As the 90s progressed, what us non-musicologists refer to as Type II jamming started to appear more frequently, first as the hyperactive medleys of 1993, then with the longer, novel-length excursions of 1994 and 1995. These marathon jams (think A Live One Tweezer or Providence Bowie) were organized into distinct chapters that switched mood, rhythm, and key, but didn’t always establish an organic flow or narrative – they sometimes felt like they were switching segments on a timer, instead of by musical instinct.
Those are the qualities I associate with Fall 97 and the years beyond, jams that unfold naturally, as though they were pre-written, but with the magic of being conjured up from thin air. There’s a patience to these jams, a confidence that an idea can be poked, prodded, and embellished for several minutes before it suggests the next leg of the voyage. Some of the most famous 1997 jams stretch past 20 minutes, but might only explore 2 or 3 themes over that time, and the transitions between those segments feel like segues instead of chapter breaks.
Thus far in Winter 1997, only the Disease > Carini of 2/17 has reached that high standard. Other jams have found fresh sonic territory, but haven’t yet reached the point of stringing those together — even the surprising first-set jams of yesterday’s show were largely built around one theme, with some brief interludes. If there’s been an improvisational theme for this tour, it’s been more around quiet, early ambient zones like last night’s Swept Away intro or tonight’s Hood, a minimalist sound that makes sense in these smaller venues.
But tonight’s main jamming approach is a throwback: the ol’ tension-release trick. It appears first in Split Open and Melt, another favorite tension-release vehicle where the tension is often delivered through the disappearance and reappearance of the three-note motif that marks the end of each cycle. Here, they never fully lose the grip on that structure, but there’s an exciting break near the end (11:15 ish) where the key changes ever so slightly, injecting some added danger just when it seems to be wrapping up.

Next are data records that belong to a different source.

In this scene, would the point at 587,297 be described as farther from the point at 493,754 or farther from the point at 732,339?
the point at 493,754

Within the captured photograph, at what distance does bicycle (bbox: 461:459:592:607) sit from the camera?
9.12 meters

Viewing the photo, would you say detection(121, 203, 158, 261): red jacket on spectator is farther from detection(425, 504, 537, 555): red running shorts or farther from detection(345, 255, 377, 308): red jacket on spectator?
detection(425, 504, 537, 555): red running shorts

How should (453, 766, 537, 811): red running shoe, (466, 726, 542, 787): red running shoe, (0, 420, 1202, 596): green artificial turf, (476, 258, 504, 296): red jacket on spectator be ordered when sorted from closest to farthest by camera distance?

That nudge turns into a full on hostage situation on the other side of setbreak, as the opening Chalk Dust eschews it’s normal cock-rock for a blitzkrieg of dissonance. Mike seems to be the engineer – his urgent notes starting at 4:00 knock the song crooked, and Trey responds by playing in one of those weirdly-named scales that I can never tell apart for three minutes. Very subtly, the song becomes much more foreboding than usual, a fitting prolonged tension-release partner to the earlier Melt within a song that, in the 90s, was generally more of a standard fist-pumper.
It’s an absolute highlight, but also a throwback at a time where I’m mostly looking for clues to the fast-arriving future. Removed from context, it feels like more of a 1994 jam – the sonic bells and whistles of 1997 aren’t really present. Perhaps it’s the other side of the “small venue” coin; while Europe’s clubs and theaters might be a good place to try out new things, there’s also a temptation to revert back to the approaches Phish favored in U.S.venues of similar size. But put a pin in it — I know that the tension-release approach didn’t disappear in 1997, it just wasn’t the band’s favorite flavor. Let’s see where it ends up.